Aiming at the problem that it is difficult to accurately identify the influencing factors of traffic governance with multiple governance targets, the short-term congestion symptom recognition technology based on the trans-media traffic knowledge graph is broken through, and two symptom recognition models of road network congestion state and bus service level are constructed, with the success rate of congestion recognition reaching 92.4% (Figure 9). Based on the study of structural change points of bus passenger flow, the influence of track on bus is analyzed.

(a)

(b)
Aiming at the requirements of agile early warning of congestion in the whole urban road network, the technology method combining meso dynamic traffic simulation and deep learning was broken through.
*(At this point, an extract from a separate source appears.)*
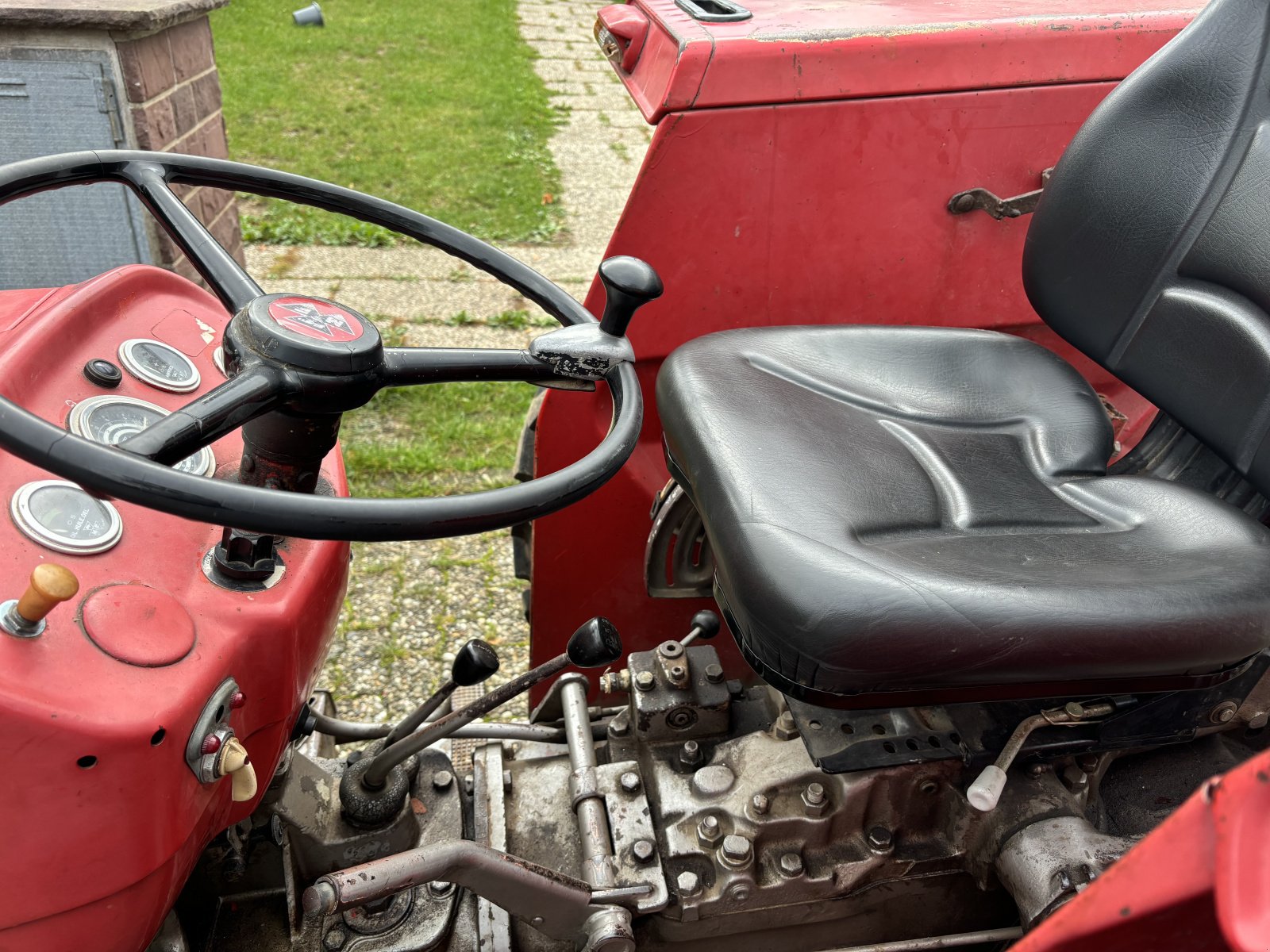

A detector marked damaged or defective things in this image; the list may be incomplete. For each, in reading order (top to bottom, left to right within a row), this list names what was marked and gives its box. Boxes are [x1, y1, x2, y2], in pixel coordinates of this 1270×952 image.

rusty metal bracket [955, 168, 1051, 221]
Taking Futian Central District of Shenzhen as the test object, the urban road network online deduced real traffic for 2 hours, and the test result of running time was 3.728 S, the prediction accuracy of key roads exceeds 85%, and the specific results are shown in Figure 10.

5. Conclusions
To sum up, this paper conducts theoretical and application research on the cognitive law of urban traffic complex system and the big data intelligent travel algorithm based on the BP neural network. The continued work has laid a solid foundation for the future to promote the integration of key technologies and more application demonstration scenarios and rely on the landing scenario to improve the data fusion perception traffic knowledge map traffic situation inference and cloud edge system platform indicators.
In terms of data fusion perception, it will rely on more application scenarios to further break through the theoretical and technical bottlenecks of traffic data processing and analysis, accurately extract and efficiently store effective information in traffic monitoring, and realize the restoration of the traffic panorama and in-depth analysis and cross analysis of its features.
Data Availability
The data set can be accessed upon request to the author.
Conflicts of Interest
The author declares no conflicts of interest.